Best Walking Trails

Friends of Marquam Nature Park – Protecting Portland’s Scenic Beauty

For those who don’t know, Marquam Nature Park is a beautiful, natural wooded area, away from the bustle of city life, and yet it is within the city of Portland itself.  

We mention Marquam Nature Park in our article, Best Walking Trails in Portland, Oregon.

It’s hard not to love Marquam Nature Park.  There are a number of trails suitable for hiking, biking, running, and walking.
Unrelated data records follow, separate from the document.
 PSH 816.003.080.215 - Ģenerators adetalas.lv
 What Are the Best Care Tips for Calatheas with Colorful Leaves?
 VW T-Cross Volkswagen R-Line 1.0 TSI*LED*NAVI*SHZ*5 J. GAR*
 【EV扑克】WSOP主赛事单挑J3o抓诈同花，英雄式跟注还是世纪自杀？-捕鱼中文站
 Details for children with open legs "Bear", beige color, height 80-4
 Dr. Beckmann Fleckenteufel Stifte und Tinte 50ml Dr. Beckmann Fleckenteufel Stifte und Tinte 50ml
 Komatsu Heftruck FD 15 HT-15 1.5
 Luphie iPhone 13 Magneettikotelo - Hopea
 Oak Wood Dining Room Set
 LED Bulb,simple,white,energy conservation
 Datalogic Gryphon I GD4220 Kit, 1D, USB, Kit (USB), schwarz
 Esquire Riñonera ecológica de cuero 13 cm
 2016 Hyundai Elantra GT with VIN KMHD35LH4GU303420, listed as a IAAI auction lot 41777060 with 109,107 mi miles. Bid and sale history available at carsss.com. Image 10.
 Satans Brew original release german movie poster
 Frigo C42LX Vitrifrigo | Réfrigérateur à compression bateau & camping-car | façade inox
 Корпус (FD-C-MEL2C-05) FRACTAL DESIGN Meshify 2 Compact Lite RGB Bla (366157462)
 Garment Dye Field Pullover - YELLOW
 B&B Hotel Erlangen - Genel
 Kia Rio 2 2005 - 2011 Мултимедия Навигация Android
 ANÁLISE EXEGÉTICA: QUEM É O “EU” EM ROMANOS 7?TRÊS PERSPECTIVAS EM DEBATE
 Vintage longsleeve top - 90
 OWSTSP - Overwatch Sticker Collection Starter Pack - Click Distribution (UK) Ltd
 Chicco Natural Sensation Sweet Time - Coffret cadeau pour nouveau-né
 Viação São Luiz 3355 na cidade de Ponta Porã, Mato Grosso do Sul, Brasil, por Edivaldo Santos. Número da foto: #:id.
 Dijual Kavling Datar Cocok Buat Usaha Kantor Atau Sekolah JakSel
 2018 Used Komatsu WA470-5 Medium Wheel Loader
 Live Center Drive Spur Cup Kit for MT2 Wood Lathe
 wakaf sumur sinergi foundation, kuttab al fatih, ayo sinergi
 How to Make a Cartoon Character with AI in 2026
Along the way, you’ll see all varieties of natural beauty including all manner of trees (bigleaf maple, Douglas fir, red cedar and western hemlock) and wildlife (mainly deer and other smaller critters).

The trails can be considered somewhat difficult (as they can get hilly), depending on your level of mobility, and yet they are tread upon by thousands per year who enjoy being surrounded by natural splendour.  Those who manage the hills are rewarded with some really nice views!

Marquam Nature Park is a perfect series of trails for kids because walks can be kept brief and there are enough trash cans and signs to keep you from feeling lost or weighed down by candy bar wrappers. 🙂

Here is a view of one of the trails, thanks to beardedfatloss.

Here is a map showing where Marquam Nature Park is located.


As you can see from the above map, the park is located south-west of downtown Portland, but well within city limits.

The park is owned by Portland Park and Recreation, who purchased the park in 1989 from Friends of Marquam Nature Park, who recognized the value of this tract of beautiful natural land in 1968, as a large urban development threatened to move in and bulldoze the entire area.

Since 1968, the Friends of Marquam have been the spiritual stewards of this land, which contains over 200 acres of raw natural beauty and 7 miles of trails for the community to enjoy.

Here is a view of the park on a rain day, courtesy of the Oregonian.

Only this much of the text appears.